As you don’t actually own the vehicle it is your responsibility to make sure it remains in good condition throughout. It is not advisable to make any modifications to the vehicle as these with have to be ‘undone’ at the end of the lease period. Although rare, if your vehicle is re-called for any reason you are obligated to have the repair done as soon as possible.

If involved in an accident and your vehicle is ‘written off’ your insurance company will only pay the vehicles current worth (taking away your deductible). This is not the amount you still owe on the lease which is commonly more. There is an upside in that most leases come automatically with GAP insurance and this should cover the difference. Again check your contract.

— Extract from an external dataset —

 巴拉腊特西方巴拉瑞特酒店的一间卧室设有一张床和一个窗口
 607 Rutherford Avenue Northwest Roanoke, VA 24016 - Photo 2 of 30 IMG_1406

In the event of an accident, any repairs undertaken should be carried out by a reputable garage/body shop using only manufacturer’s parts. Failure to comply may result in charges being applied by the leasing company.

Be aware, if you are a high mileage driver you may have additional charges to pay for the wear and tear, tyres, extended mileage limits and any unrepaired damage. This is waivered only if you intend to purchase the vehicle.